How do you prepare for jobs that don’t exist yet? That’s a question students, workers, and educators will face in the coming years.

It’s difficult to teach job-related skills when it’s unclear what those jobs will be. It’s not just the times that are changing. Think about explaining to someone just 15 years ago what a social media manager, ride-share service employee, or drone operator does for a living. 

Technology—combined with globalization and a host of other factors—has created an array of new jobs and radically changed others. A recent British study suggests that at least one-third of children entering primary school today will ultimately end up working in jobs we haven’t even dreamed of yet.

So how do we prepare workers and students for a future we can’t foresee? What should we be doing now to give them the skills they’ll need to have a successful career?
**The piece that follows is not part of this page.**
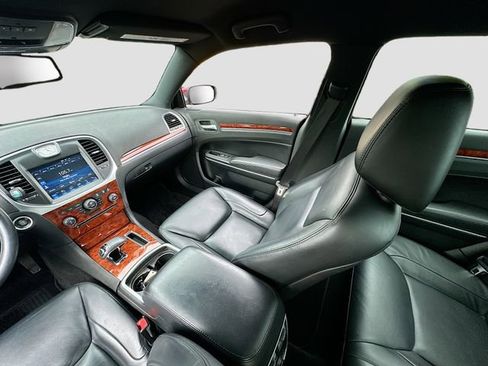 Used 2013 Chrysler 300 AWD w/ Driver Convenience Group image 23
“In the old days, when you came to college you were trained in a functional area for a job that you would stay in most of your career,” says Philip Powell, associate dean of academic programs at Indiana University’s Kelley School of Business. “[Today] it’s imperative that schools teach students how to teach themselves.”

Isabelle Bajeux-Besnainou, dean of the Desautels Faculty of Management at McGill University in Montreal, says it’s more important to focus on experiential learning than on job-specific skills. “We cannot teach skills we don’t know exist yet,” she says. “We need a different strategy and make sure they’re becoming lifelong learners.”

A 2018 study published in the Journal of Innovation and Knowledge found that experiential learning reinforces theoretical concepts and leads to superior performance. McGill has launched some programs that focus on industry-specific experiential learning, while also incorporating relevant coursework. The school’s new Bensadoun School of Retail Management focusses on the future of retail. It has an experiential lab where students will be able to work with cutting-edge retail technology and real-world simulations.

Ansley Erickson, associate professor of education at Columbia University in New York, sees an opportunity for this future-focussed thinking to also solve bigger issues, including inequality in the workplace. Innovation sometimes contributes to inequality. 

“What kind of schooling prepares, for example, to participate in discussions about what constitutes a decent living wage?” Erickson asks. “What constitutes fair employment practices? How do education and employment operate in an unequal society? I think those questions are just as crucial as questions about what kind of technical training schools can offer.”